In this paper we propose a new parameter dM∗/dN as the fatigue damage driving force (FDDF), which is based on the M-integral concept and the L-integral concept classically used in crack problems. Both analytical treatments and experimental observations are performed for many plane Aluminum strips with two neighborly and symmetrically located holes under cyclic tensile loadings. It is found that the values of the M-integral before and after coalescence of the two holes have an apparent jump feature and that there is a critical peak value of the M-integral for the cyclic loadings at which the short fatigue crack nucleates along a hole’s boundary. However, different intervals between the two holes would yield different critical peak values of the M-integral, even yield different locations of the fatigue crack initiation due to the residual stress and the different configurations. A geometrical parameter and a residual stress are then introduced to modify these two problems, from which the FDDF parameter dM∗/dN is well addressed. It should be emphasized that the FDDF is only suitable to evaluate the symmetrical damage problems. If the two holes are inclined, another parameter: the L-integral should be introduced which represents the rotation energy release.
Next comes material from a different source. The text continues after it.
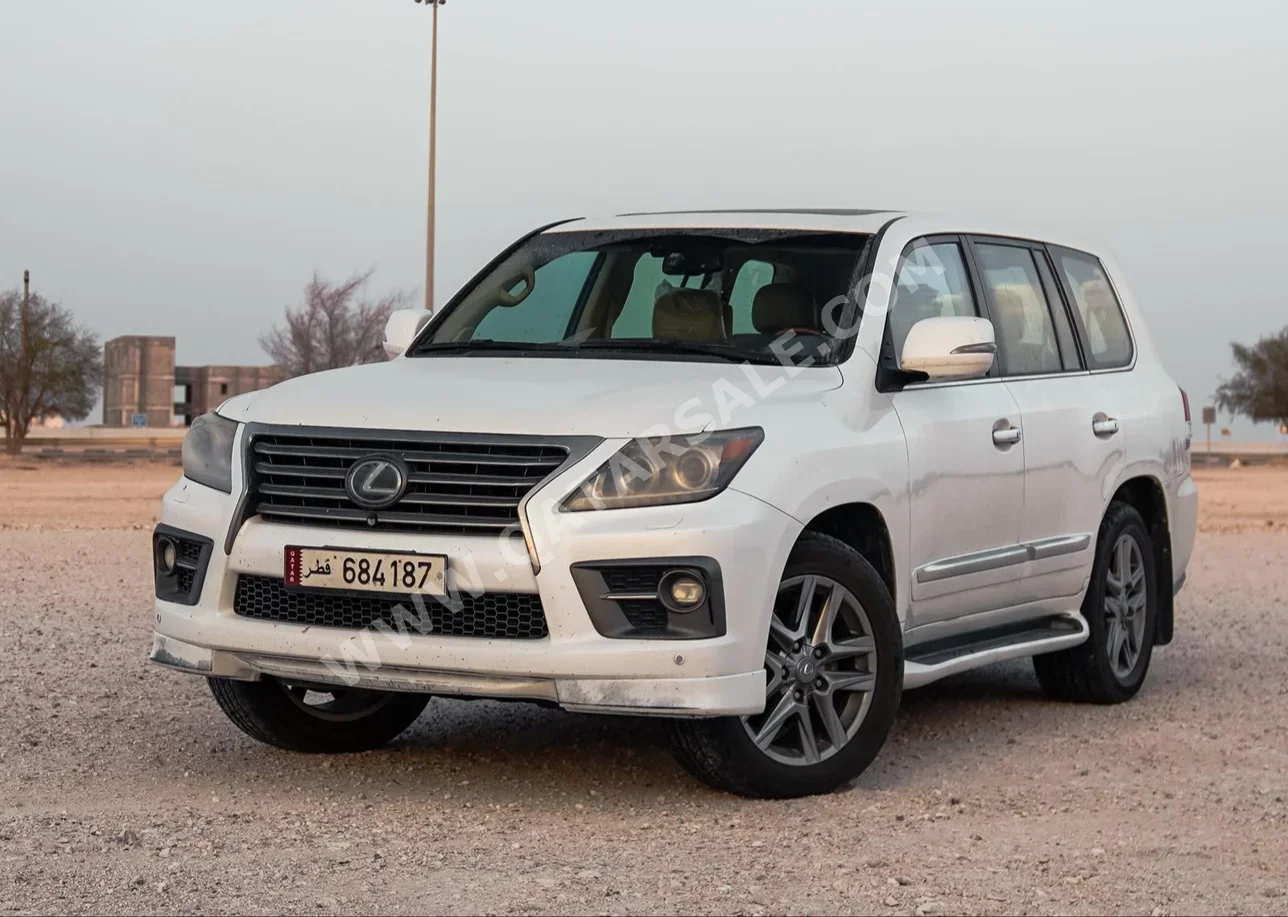 Lexus  LX  570  2015  Automatic  400,000 Km  8 Cylinder  Four Wheel Drive (4WD)  SUV  White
It is concluded that the L-integral yields quite different features for the two neighborly located holes before, during, and after coalescence. Of great interest is that, unlike the M-integral, the L-integral could either positive or negative depending on the two holes’ orientation with respect to the loading direction and on the damage evolution, i.e., the variable length of the fatigue crack growth between the two holes’ rims. As the coalescence occurs during the fatigue crack growth and then the two defects become a single complex defect, the L-integral becomes positive as it would be for a classical single crack problem.